The "Madras district gazetteers, Volume 1, Part 1" said 'Little girls, up to the age of about 3, wear nothing but the little heart-shaped piece of silver suspended by a waist-cord (arai- mudi) " which calls attention to what it purports to conceal."'

"Percival's Tamil-English dictionary", edited by P. Percival defined Araimudi as "அரைமுடி arai múḍi, A small plate of gold or silver, appended to the girdle of female children, for the sake of decency".

Miron Winslow's dictionary, "A comprehensive Tamil and English Dictionary of High and Low Tamil" defined araimudi as "அரைமுடி, s. A small plate of metal worn by little girls over the private parts."
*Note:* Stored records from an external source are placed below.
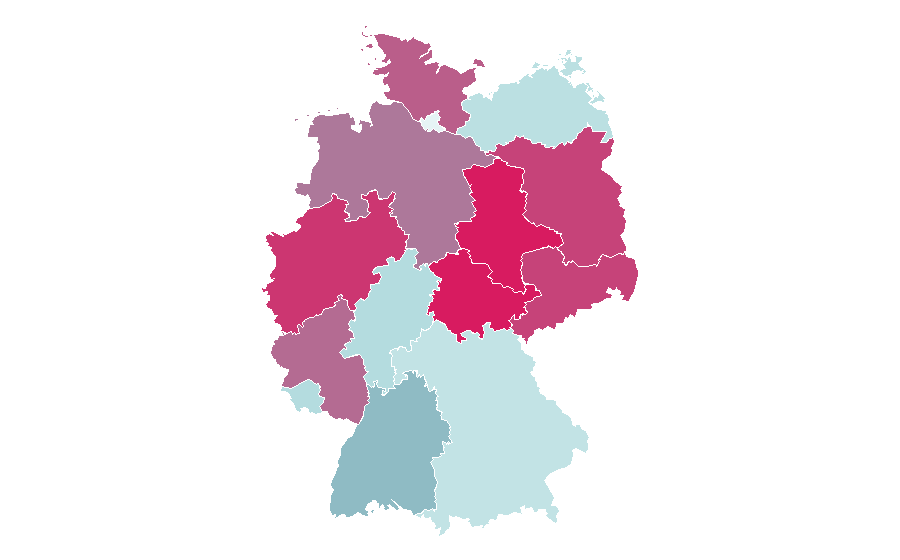 Afinidad por región — CHIP Online, Alemania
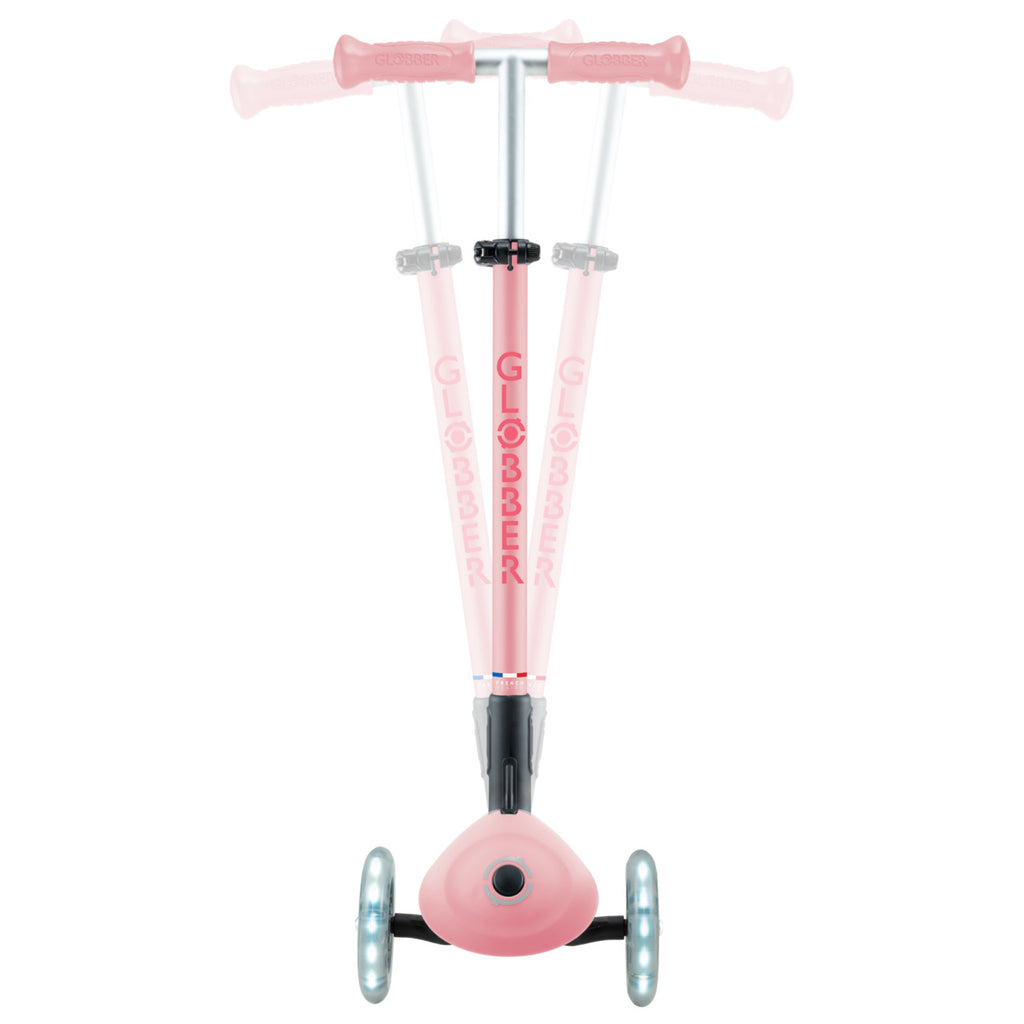 Globber Primo Foldable Plus Lights 3 Wheel Scooter - Pastel Pink Lean to turn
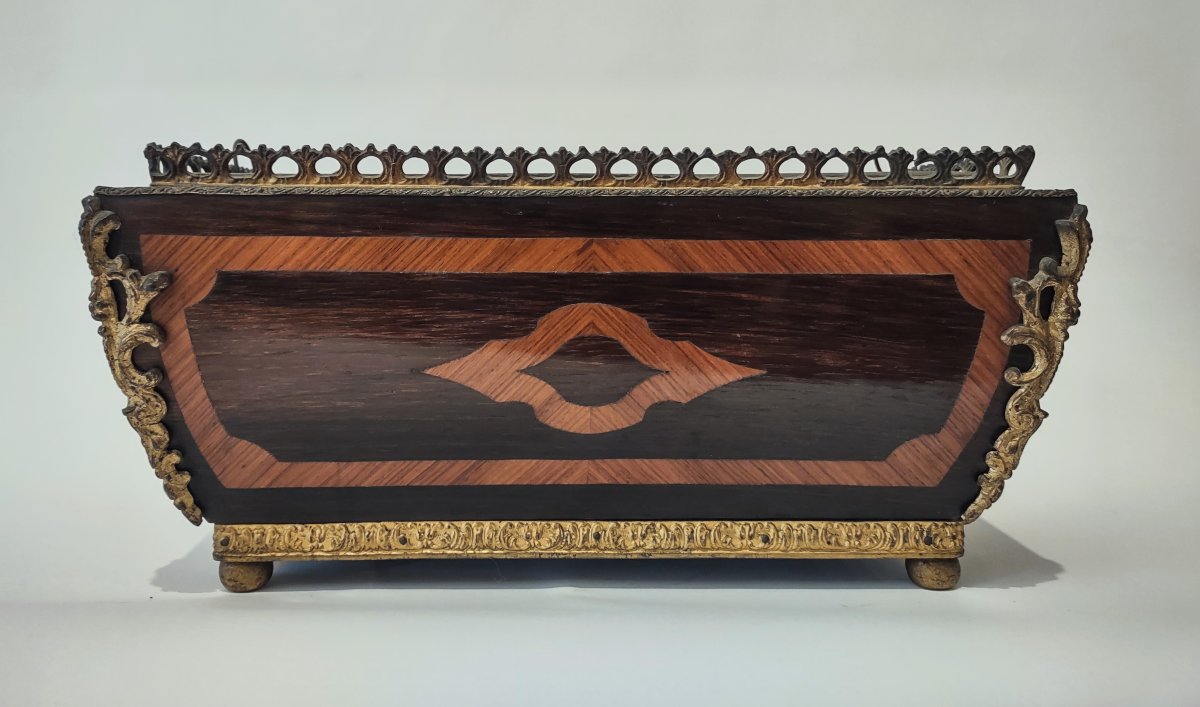 FIORIERA NAPOLEONE III IN LEGNO PREGIATO E BRONZO DORATO METÀ DEL XIX SECOLO-photo-4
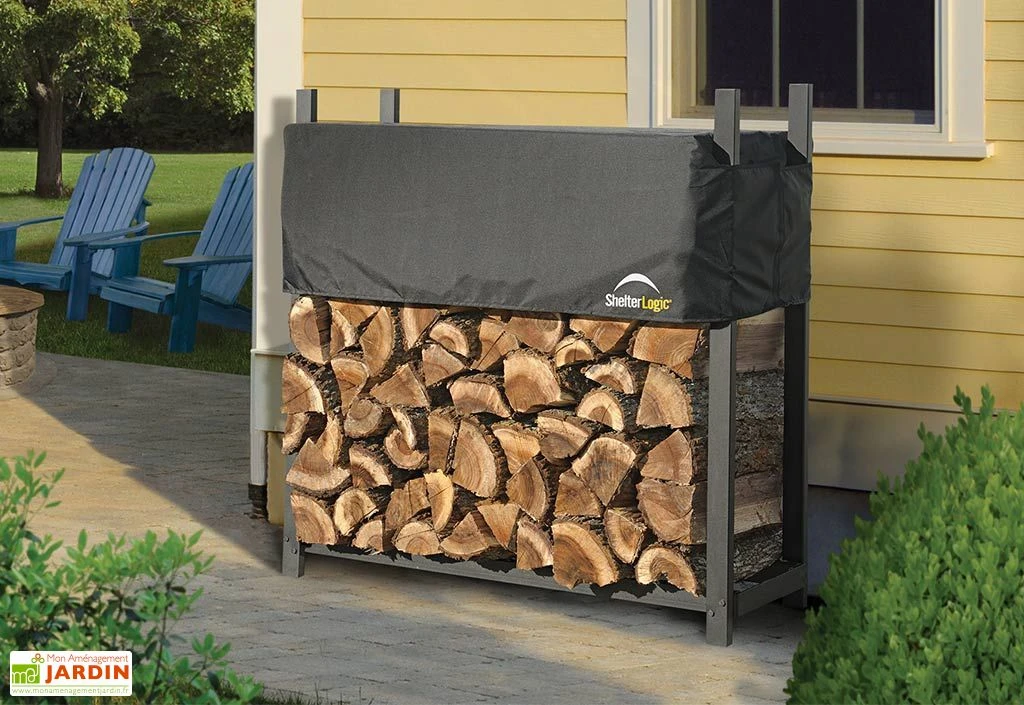 Range-Bûches En Acier Epoxy + Bâche De Protection 0,5 M³ – Image 3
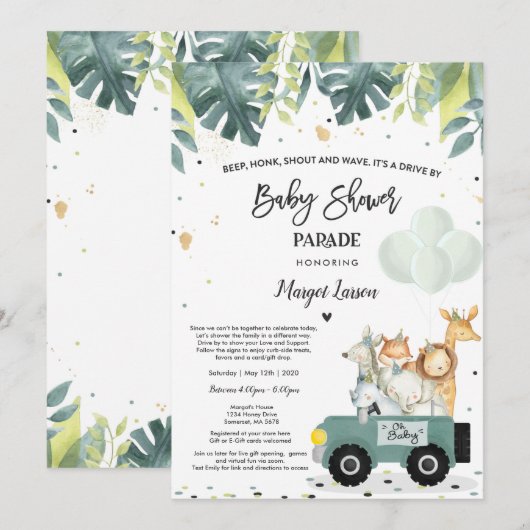 Baby shower nodigt Safari Baby shower uit Kaart (Voorkant / Achterkant)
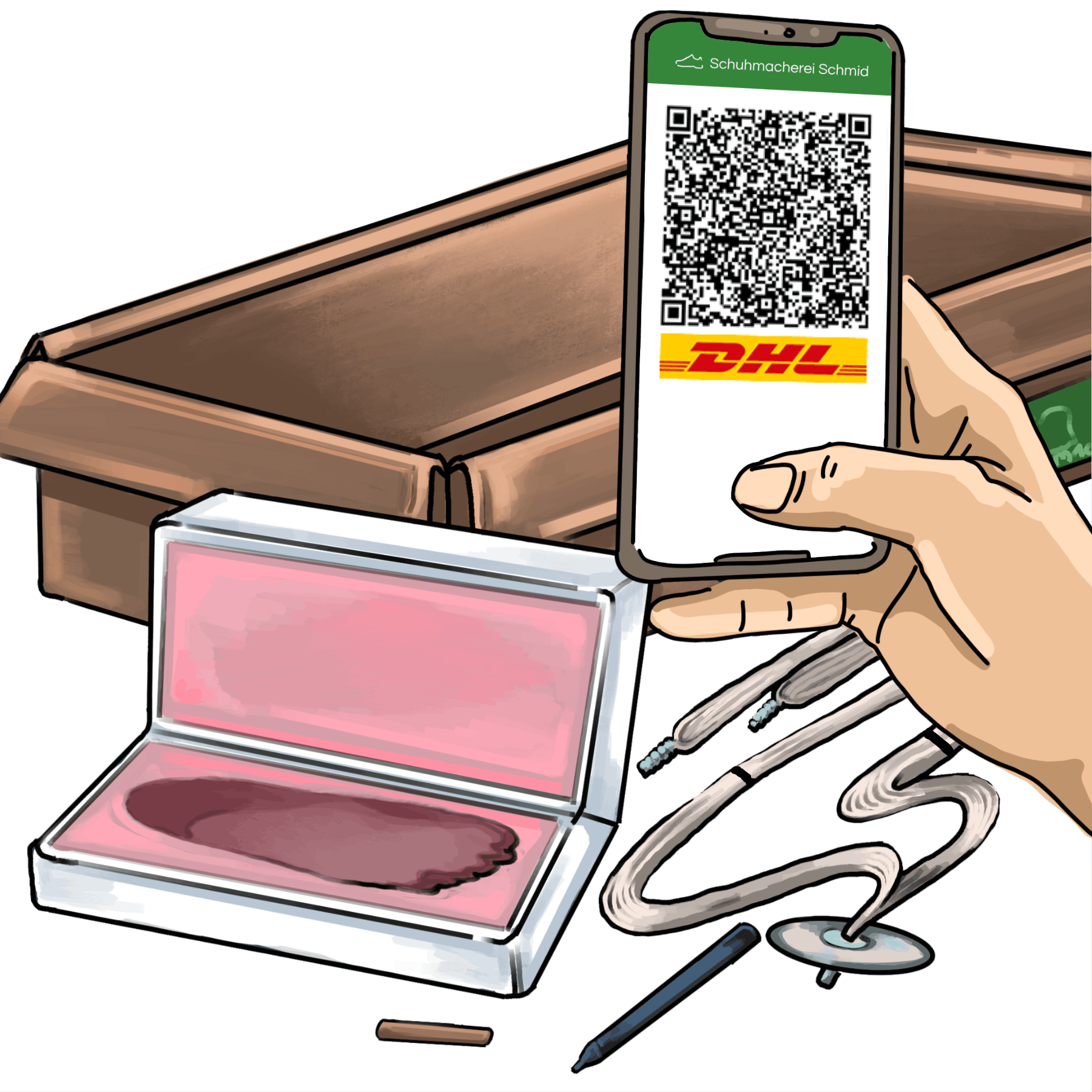 Das Vermessungspaket nach der Vermessung mit DHL Retoure Code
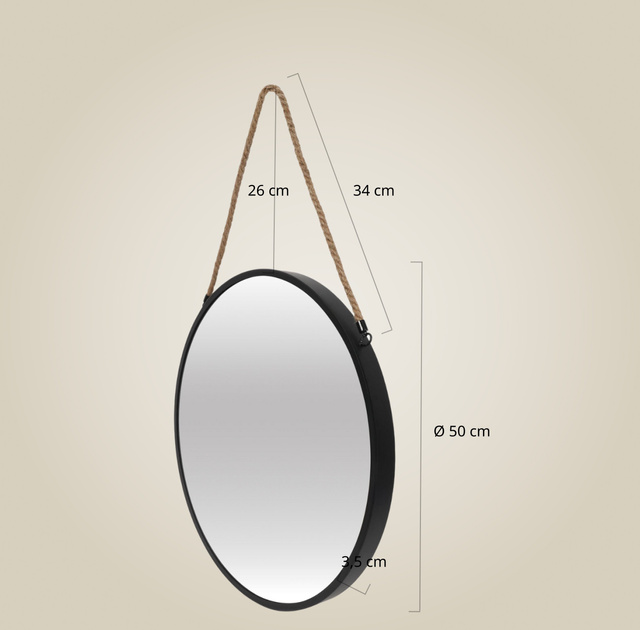 Oglindă rotundă TINDRA, Ø 50 cm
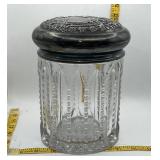 Vintage Glass Humidor Victor Silver Co Lid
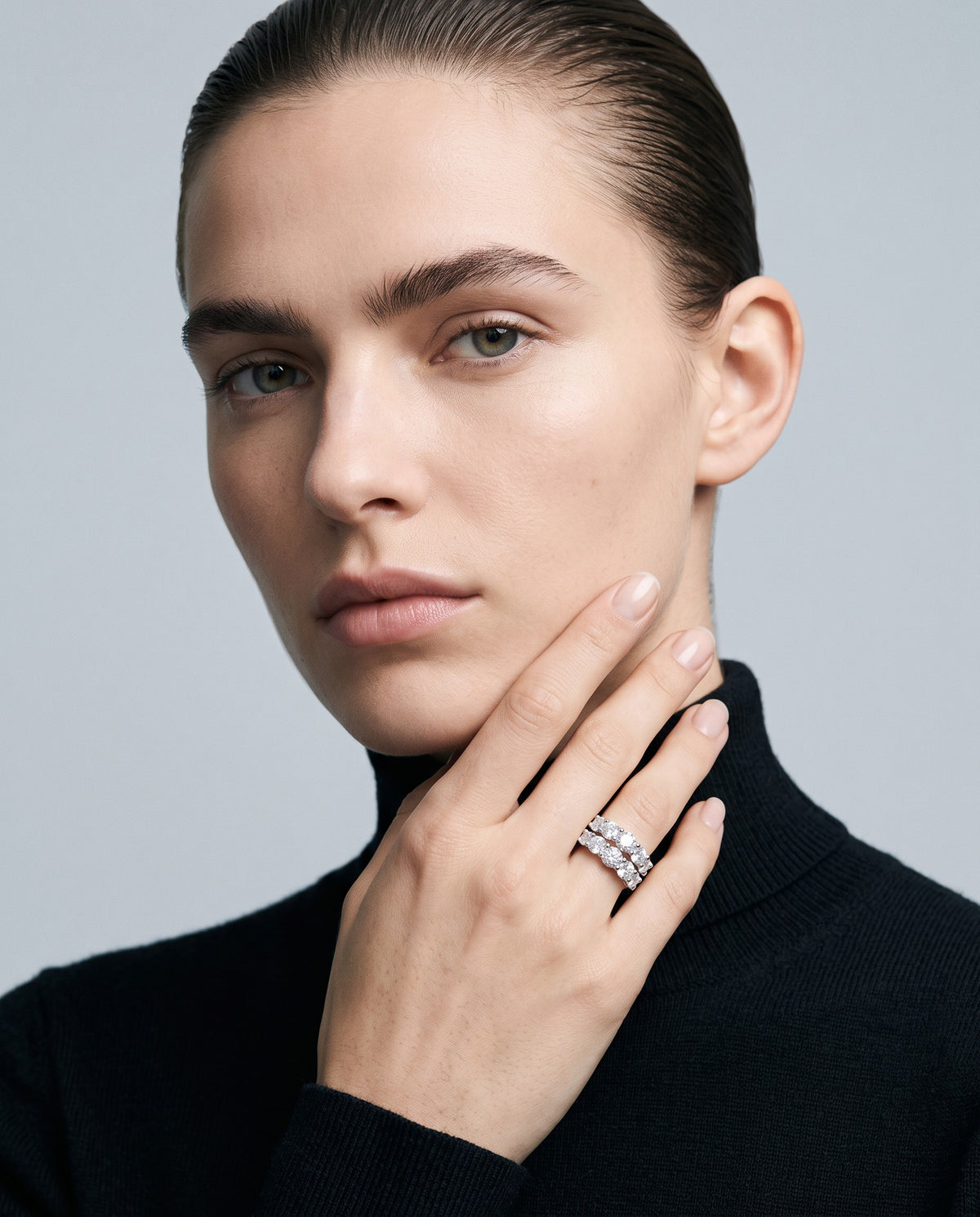 Chorus Ten-Stone Moissanite Ring – editorial campaign image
Abbe Dubois's book "Hindu manners, customs and ceremonies", translated from French and edited by Henry Beauchamp stated that "Even the private parts of the children have their own particular decorations. Little girls wear a gold or silver shield or codpiece on which is graven some indecent picture; while a boy's ornament, also of gold or silver, is an exact copy of that member which it is meant to decorate." "Description of the character, manners, and customs of the people of India; and their institutions, religious and civil", also written by Dubois said "The children of either sex are likewise ornamented with various trinkets of the same form, though smaller than those of grown persons. They have also some that are peculiar. As all children in India go perfectly naked till they are six or seven years old, the parents of course, adapt the ornaments to the natural parts of the body. Thus, the girls have a plate of metal suspended so as to conceal, in some measure, their nakedness. The boys, on the other hand, have little bells hung round them, or some similar device of silver or gold, attached to the little belt with which they are girt. Amongst the rest, a particular trinket appears in front, bearing a resemblance to the sexual part of the lad."

Until the 1960s in the Ampara District of Sri Lanka girls wore the Araimudi.